After the palace I caught a rickshaw back to the harbor so that I could check out the Chinese fishing nets at sunset. A lot of drivers receive kickbacks for taking tourists to different stores, and this one was really nice so when he told me he got a liter of gasoline if I went into a certain store, I played along. I didn’t buy anything because I wasn’t interested in shopping there in the least bit, but I figured I could help a pal out. But you also have to say no too because if you helped ever rickshaw driver out, your entire day would be spent being shuttle between shops. Anyway, back to the Chinese fishing nets. This is the only place in the world (outside of China of course) where they use/you can see these kinds of fishing nets. The system is really neat, they basically have a ginormous pulley system (and by pulley system I really mean slab of concrete) that helps to lower the nets into the water. After letting it sit there for a few mins they slowly raise the net back up, bringing fish and whatever else is there—usually lots and lots and lots of garbage and little lily pad type things—to the surface. The garbage and the vegetation is thrown back into the water (which really isn’t smart because sooner or later they just end up catching it all over again) and the whole process is over. Some men invited me up on their dock and let me get a closer look, take pictures, etc. As I went to leave they informed me that their catch wasn’t a good one so I needed to pay them each money. They asked for 480 rupees, which was so ridiculous so I told them I could give them 20 rupees. I don’t think they were very happy with me but oh well. Im not very happy with people who try to scam me so I guess we were even. :)
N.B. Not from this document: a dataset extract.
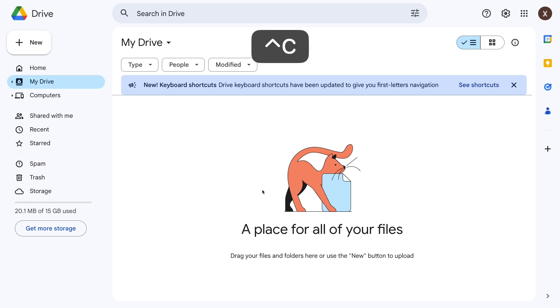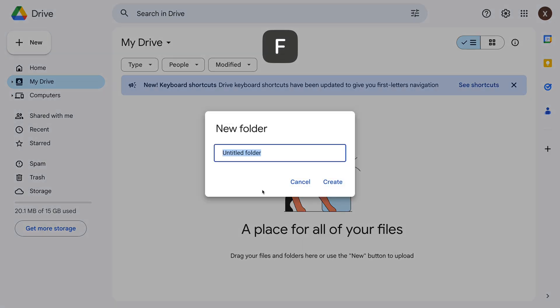start by pressing Ctrl-C on a Mac or Alt-C on Windows. Then press a key that corresponds with whatever you want to create, like F for a new folder.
The men insisted I hold the net but as you can see I felt a little weird about it--mostly because I had just seen the handle get plastered with fish guts from the hands of the man who was now touching my camera and taking this picture. Yes, I had a bit of a germaphobic moment and yes, I am totally owning it. Blahhhh.




I spent the evening exploring more of the shops and town. There is so much to see and take in here that I was entertained for hours. I literally had to stop somewhere and buy pants though, it is significantly hotter here then it is in Tamil Nadu right now and I was sweating bad enough that my skirt and my legs were not getting along at all: aka I was getting a rash from my legs rubbing together when I walked.  Believe it or not I wasn’t in much of a shopping mood, but I automatically felt better about shopping as soon as it was something I actually needed. I've noticed that when interact with the locals it's obvious that they just see me as another light skinned tourist. I can't blame them for that because duh, (that really doesn't need any further explanation) but it is always entertaining for me to see the change in how they deal with me from when they initially meet me and make that judgement and then eventually realize that I am living in India right now and know a thing or two about what prices certain things should cost or that I know when they are totally trying to swindle me, etc. I called a few shop owners out on it and as soon as I told them I was living in Tamil Nadu and I wasn’t just another tourist, they were pretty good at adjusting prices for me on the couple of things I did get. Some of the other volunteers have taken to calling me “The Bulldog” when it comes to shopping and bargaining prices. I've earned that name from not only bargaining for myself but also for others that are with me. I love haggling because it's such a fun challenge--I see it as a kind of game.

Ironically, I had a hard time finding food again tonight. Not that there weren’t plenty of options, it was just that most of them involved fish. After striking out numerous times, I found this little café that ended up being pretty yummy. The ambiance of the café made up for the lack of “ridiculously” yummy food.  Plus, I got a seat right nest to the bug zapper so I’d say dinner was a success.